====== Source material
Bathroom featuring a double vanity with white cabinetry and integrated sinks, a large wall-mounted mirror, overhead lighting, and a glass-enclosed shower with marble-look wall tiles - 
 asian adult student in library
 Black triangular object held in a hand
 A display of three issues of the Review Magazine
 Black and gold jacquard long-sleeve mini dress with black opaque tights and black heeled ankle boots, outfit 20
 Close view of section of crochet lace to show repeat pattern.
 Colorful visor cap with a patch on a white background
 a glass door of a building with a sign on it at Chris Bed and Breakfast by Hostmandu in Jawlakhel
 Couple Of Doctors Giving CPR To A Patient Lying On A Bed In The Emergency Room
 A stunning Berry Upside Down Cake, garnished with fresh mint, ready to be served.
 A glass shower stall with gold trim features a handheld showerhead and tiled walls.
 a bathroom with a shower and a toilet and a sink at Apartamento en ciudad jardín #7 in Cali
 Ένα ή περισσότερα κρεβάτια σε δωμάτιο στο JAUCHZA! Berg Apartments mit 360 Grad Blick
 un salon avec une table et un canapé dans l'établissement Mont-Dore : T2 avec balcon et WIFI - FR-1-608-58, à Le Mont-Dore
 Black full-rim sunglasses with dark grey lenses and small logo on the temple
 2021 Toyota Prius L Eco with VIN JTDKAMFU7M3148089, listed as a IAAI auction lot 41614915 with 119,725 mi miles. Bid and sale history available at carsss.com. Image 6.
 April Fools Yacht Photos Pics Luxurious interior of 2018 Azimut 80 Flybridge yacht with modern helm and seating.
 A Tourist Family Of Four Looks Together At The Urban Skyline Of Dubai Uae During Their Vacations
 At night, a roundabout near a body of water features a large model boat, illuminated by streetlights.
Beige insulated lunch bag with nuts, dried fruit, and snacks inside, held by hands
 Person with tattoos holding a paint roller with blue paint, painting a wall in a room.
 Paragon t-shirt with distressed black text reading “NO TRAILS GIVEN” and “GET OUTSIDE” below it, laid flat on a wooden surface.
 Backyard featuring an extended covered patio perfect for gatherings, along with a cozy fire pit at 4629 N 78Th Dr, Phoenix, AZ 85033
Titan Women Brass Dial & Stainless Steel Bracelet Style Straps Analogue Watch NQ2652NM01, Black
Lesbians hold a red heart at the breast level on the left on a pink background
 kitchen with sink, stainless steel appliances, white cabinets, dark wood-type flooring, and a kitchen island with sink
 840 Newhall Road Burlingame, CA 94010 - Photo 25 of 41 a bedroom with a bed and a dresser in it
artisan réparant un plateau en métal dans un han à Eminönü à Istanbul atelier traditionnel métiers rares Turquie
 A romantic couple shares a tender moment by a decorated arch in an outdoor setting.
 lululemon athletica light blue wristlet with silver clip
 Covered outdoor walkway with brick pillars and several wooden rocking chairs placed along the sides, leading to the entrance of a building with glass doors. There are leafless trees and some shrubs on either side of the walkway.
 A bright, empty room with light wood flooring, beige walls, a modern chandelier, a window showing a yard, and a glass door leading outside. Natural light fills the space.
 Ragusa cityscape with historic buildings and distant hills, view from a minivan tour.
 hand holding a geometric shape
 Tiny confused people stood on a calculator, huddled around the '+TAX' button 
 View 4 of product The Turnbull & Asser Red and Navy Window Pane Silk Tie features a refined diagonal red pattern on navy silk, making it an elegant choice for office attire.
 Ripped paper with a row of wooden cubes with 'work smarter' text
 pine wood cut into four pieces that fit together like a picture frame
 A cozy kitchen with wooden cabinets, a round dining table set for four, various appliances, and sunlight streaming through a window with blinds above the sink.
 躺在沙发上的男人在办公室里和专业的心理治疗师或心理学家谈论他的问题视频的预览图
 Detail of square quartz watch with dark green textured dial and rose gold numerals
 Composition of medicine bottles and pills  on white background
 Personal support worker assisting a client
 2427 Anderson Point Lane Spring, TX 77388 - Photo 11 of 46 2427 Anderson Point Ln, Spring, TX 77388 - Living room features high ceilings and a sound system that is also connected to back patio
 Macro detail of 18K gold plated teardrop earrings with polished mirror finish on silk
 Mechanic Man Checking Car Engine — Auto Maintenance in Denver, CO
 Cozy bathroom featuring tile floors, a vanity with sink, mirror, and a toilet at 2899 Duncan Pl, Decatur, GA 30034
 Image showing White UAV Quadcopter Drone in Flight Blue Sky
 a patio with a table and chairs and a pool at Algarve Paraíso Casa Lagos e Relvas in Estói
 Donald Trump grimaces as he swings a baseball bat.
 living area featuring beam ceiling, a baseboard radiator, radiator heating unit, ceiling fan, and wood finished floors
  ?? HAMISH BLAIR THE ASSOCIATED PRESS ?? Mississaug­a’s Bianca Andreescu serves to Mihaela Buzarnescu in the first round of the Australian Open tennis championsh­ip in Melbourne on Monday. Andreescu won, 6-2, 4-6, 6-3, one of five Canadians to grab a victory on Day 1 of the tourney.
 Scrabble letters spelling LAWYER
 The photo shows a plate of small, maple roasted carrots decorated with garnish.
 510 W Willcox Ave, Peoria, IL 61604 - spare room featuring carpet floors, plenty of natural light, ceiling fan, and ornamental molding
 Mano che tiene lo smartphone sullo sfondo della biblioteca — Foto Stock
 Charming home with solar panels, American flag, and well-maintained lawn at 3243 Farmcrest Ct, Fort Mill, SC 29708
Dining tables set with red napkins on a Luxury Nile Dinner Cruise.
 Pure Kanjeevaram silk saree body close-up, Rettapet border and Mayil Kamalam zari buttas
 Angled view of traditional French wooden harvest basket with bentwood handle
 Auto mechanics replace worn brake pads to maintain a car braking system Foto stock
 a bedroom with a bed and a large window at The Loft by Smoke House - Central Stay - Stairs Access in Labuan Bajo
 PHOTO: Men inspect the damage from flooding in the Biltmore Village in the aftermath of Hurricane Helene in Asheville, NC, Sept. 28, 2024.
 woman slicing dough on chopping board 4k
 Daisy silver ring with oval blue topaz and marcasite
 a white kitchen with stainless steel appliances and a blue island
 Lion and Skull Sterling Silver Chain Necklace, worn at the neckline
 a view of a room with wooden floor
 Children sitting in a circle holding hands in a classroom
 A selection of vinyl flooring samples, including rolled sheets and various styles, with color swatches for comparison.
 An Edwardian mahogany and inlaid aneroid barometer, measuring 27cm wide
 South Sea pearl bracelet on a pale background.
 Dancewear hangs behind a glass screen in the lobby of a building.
============
• Problem description: Reproduce exactly the lines that run from the start of the records to the line with "A glass shower", both included.

• Solution below:
Bathroom featuring a double vanity with white cabinetry and integrated sinks, a large wall-mounted mirror, overhead lighting, and a glass-enclosed shower with marble-look wall tiles - 
 asian adult student in library
 Black triangular object held in a hand
 A display of three issues of the Review Magazine
 Black and gold jacquard long-sleeve mini dress with black opaque tights and black heeled ankle boots, outfit 20
 Close view of section of crochet lace to show repeat pattern.
 Colorful visor cap with a patch on a white background
 a glass door of a building with a sign on it at Chris Bed and Breakfast by Hostmandu in Jawlakhel
 Couple Of Doctors Giving CPR To A Patient Lying On A Bed In The Emergency Room
 A stunning Berry Upside Down Cake, garnished with fresh mint, ready to be served.
 A glass shower stall with gold trim features a handheld showerhead and tiled walls.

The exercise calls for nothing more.